The Centre for Retail Research issued the ‘Shopping and Crime’; a report which claims that shoplifting is one of the most prolific crimes in the United Kingdom, which costs retailers much more than burglary and mugging.
Even so, the Global Theft Barometer, that assesses the lost revenue attributed to retail crime, indicates that notwithstanding the billions that it is costing retailers and the increasing incidence rates, there is apathy to retail crime consequently it seems to attract lesser attention and understanding from the police.
Is it so bad?
The British Retail Consortium’s retail crime survey estimates that the cost and losses of retail crime are in the region of 1.4 billion and an increase of 31 percent. Even so, the total could be much higher, and that an estimated £4 billion worth of goods was pilfered in various methods during 2010 only. Retail law-breaking was brought into prominence last year during the riots, which left retail outlets being looted, pillaged and set ablaze. The drunken revelry and riotous behaviour affected virtually 7 percent of retail outlets according to the consortium.
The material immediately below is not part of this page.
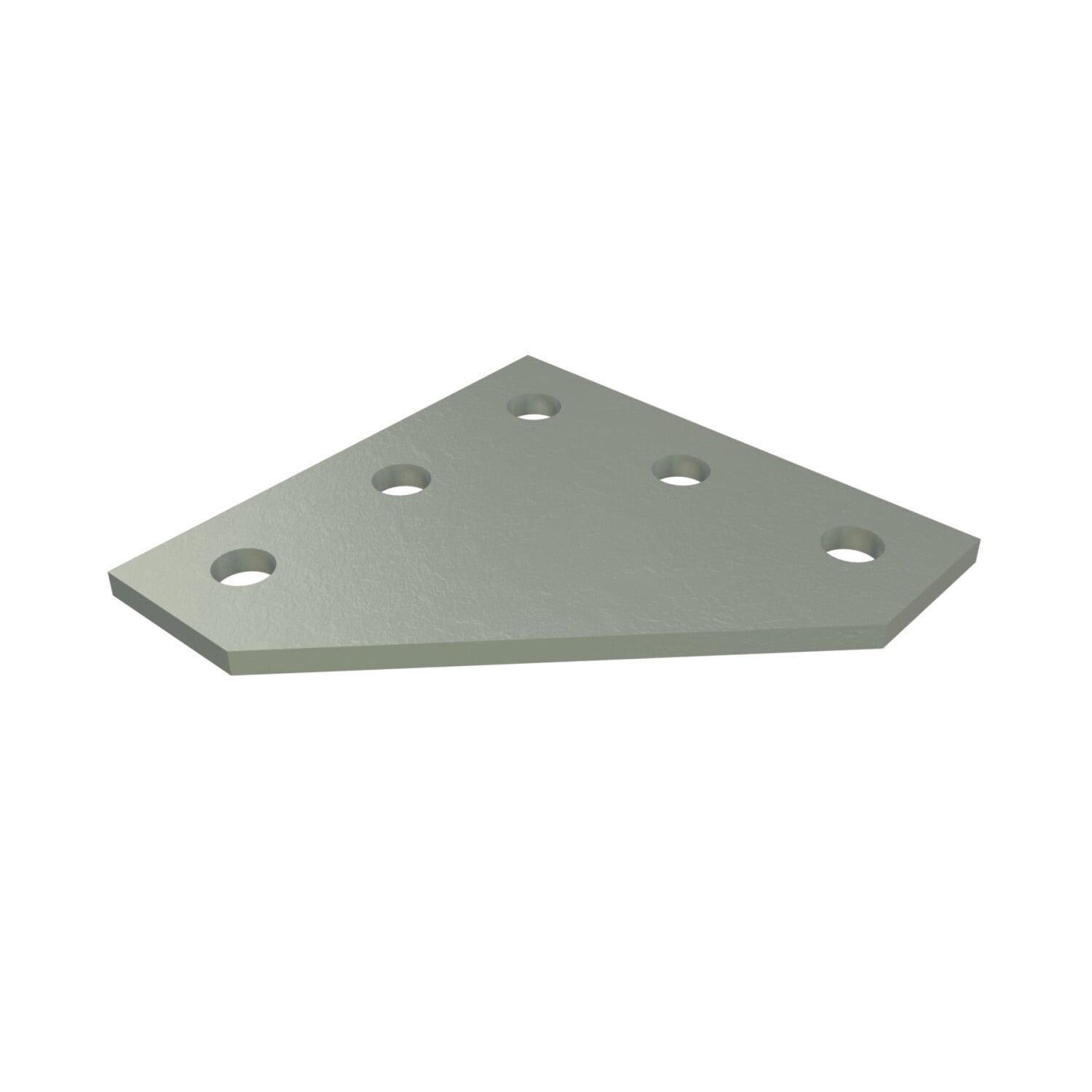 UNISTRUT FITTING, 5-3/8"x 1/4"x 5-3/8", HG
Who’s perpetrating the crimes?
Offences by customers attributed for 60 percent all losses according to the British Retailers Consortium. The 2011 retail crime survey, indicated a mean theft value £85. Staff pilfering also accounted for almost 4% of the losses.
What are retailers doing to prevent crime?
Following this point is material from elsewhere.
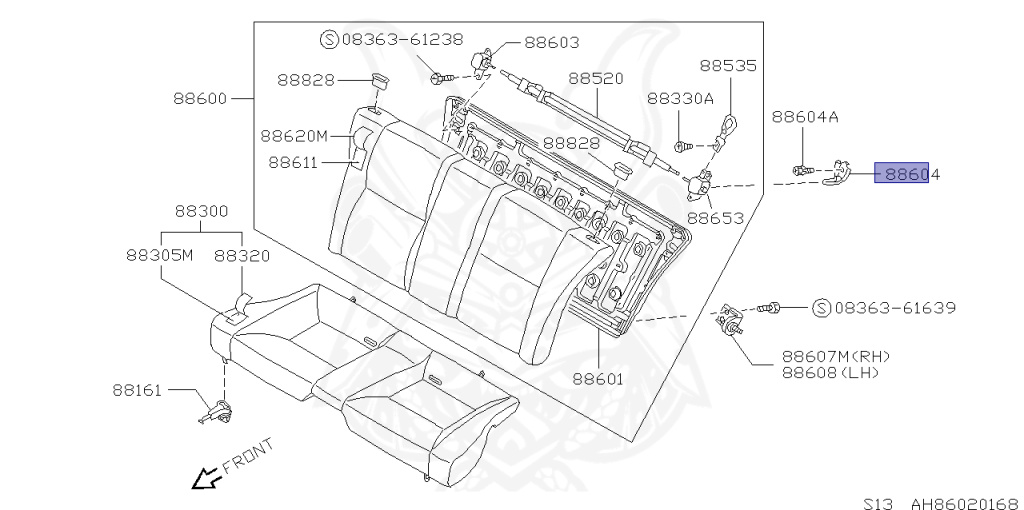 Nissan - Silvia - S13 - 1988 - K'S - HARDTOP(K) - MANUAL TRANSMISSION(MT) - CA18DT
Retailers spent over £214 million combating retail crime during the period of 2011. The BRC reported, that it corresponds to approximately £700,000 per company. Retail merchants committed almost their entire crime prevention budget into uniformed retail security guards and surveillance systems.
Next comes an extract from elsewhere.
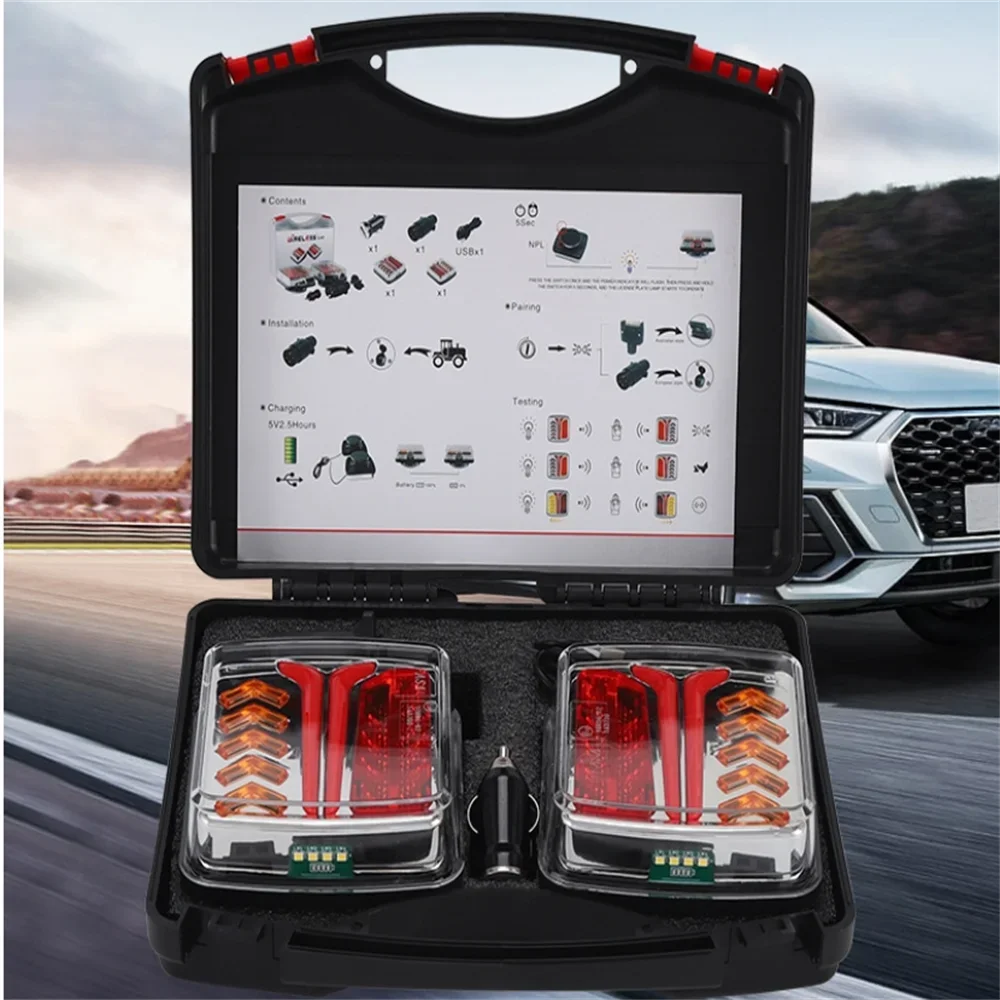 Wireless Magnetic LED Tail Light Signal Dual Brake Light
Notwithstanding the fast response by the police force and extended sentences handed down to perpetrators of the riots in London and various large cities in England. It’s debated that the sentences of offenders in the United Kingdom is not as robust as it is in some different other countries, this includes Europe and the USA. The BRC conceives that sentencing ought to be much harsher and that former offences be taken into account.
What can the Government do?
It has been suggested to introduce locally elected police force and crime commissioners later in the year, which will be responsible to localised retail businesses. The BRC is coordinating with the Home Office to assure that police force realise the affects of retail crime and that their responses to retail crime is also coordinated with retailers.